Brandon, WYPR’s president and general manager, is credited with helping drive growth of the National Public Radio affiliate to more than 250,000 listeners weekly.
“I do think it’s time for somebody else to take over and maybe bring new ideas to the station and try some things I haven’t tried,” said Brandon, 71.
He plans to remain involved in radio as chairman and vice president of American General Media, a licensee of 46 radio stations in the southwest that was founded by Brandon’s father, Lawrence Brandon, in 1970. Brandon will run it with his brother, Rogers Brandon, who is president.
Brandon was a leader of a group of eight community members who acquired what was then WJHU, from Johns Hopkins University in 2002. It went on the air Feb. 1, 2002, as WYPR — the call letters standing for “your public radio.”
Brandon said he saw potential in the station that at the time employed 14 people and had $1.7 million in revenue, with a $250,000 annual deficit.
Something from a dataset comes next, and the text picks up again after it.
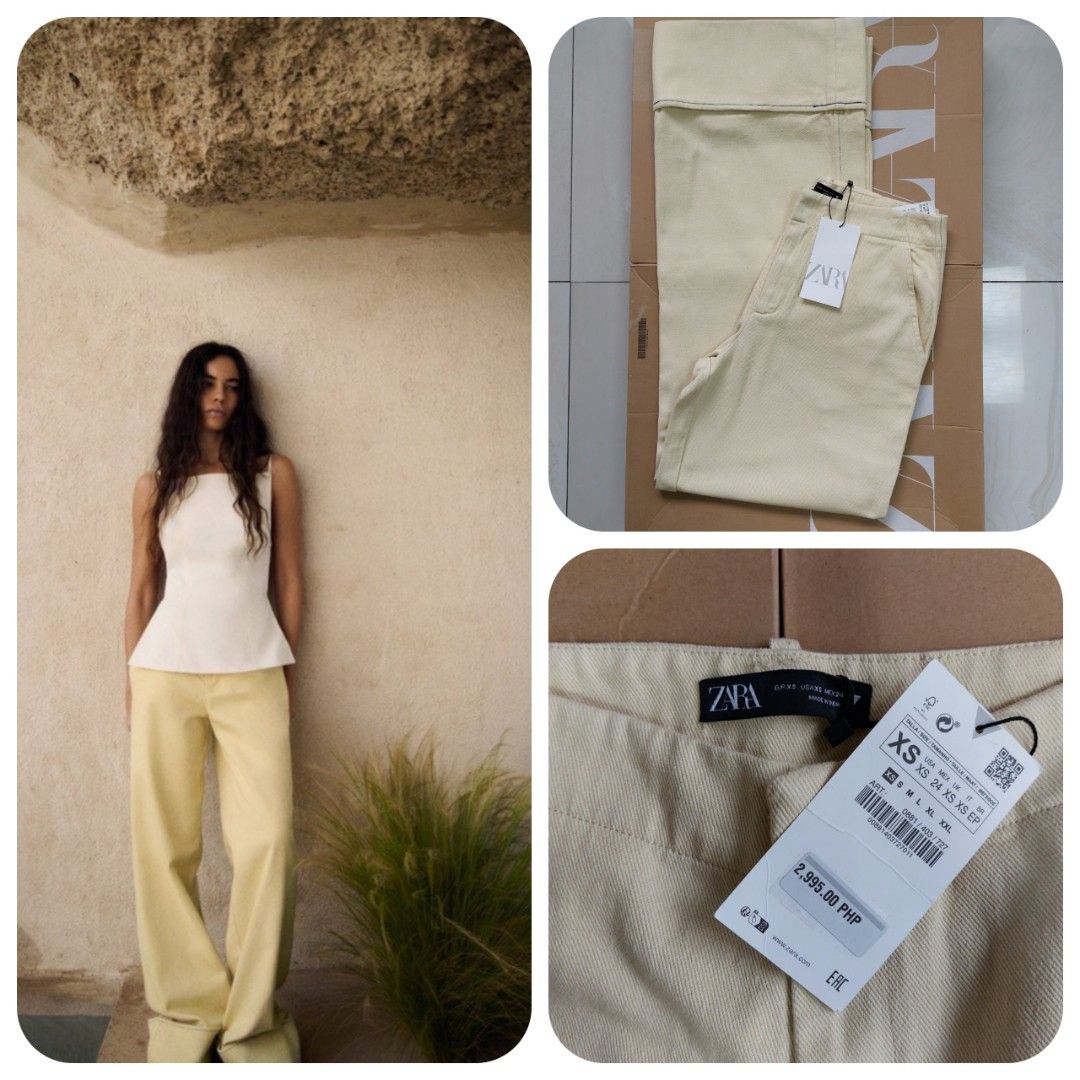 Zara High Waist Wide Leg Trousers in Cream Size XS, Women's Fashion,  Bottoms, Other Bottoms on Carousell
The station has grown to more than 42 employees and a $6.4 million operating budget.
Acquisition debt of $7 million has been paid down to less than $1.9 million, Brandon said.
“This has been a great privilege working with some of the most talented journalists in this area, and the staff here has been amazing to work with,” he said. “It takes a team to make a radio station like this.”
The station’s board of directors has hired Stanton Chase Baltimore to lead a national search for a new general manager and plans to seek input from staff and stakeholders.
Darcy Carroll, board chair, said WYPR plans no change in direction or mission.
The listener-supported station on North Charles Street and at 88.1 FM on the radio dial focuses on local programming, including news, public affairs and cultural programs. The independent station also airs national and international features.
Brandon said he was especially proud of building a local news department that did not exist previously, and a digital platform that includes more than a dozen regular podcasts. The station serves the Baltimore metro area and its owners also expanded the signal by acquiring WYPO in Ocean City and WYPF in Frederick.
Brandon “helped solidify the reputation of WYPR as a trusted source of information for the community we serve and expertly guided the station to significant growth during his tenure,” Carroll said in an announcement.
“All of us at NPR are saddened to learn of Tony’s retirement,” Jarl Mohn, president and CEO of NPR, said in an announcement. “He has done a superb job of providing high quality, fact-based and engaging journalism for Baltimore. Over the years, he has built WYPR into a trusted source of information and an important voice in the community.”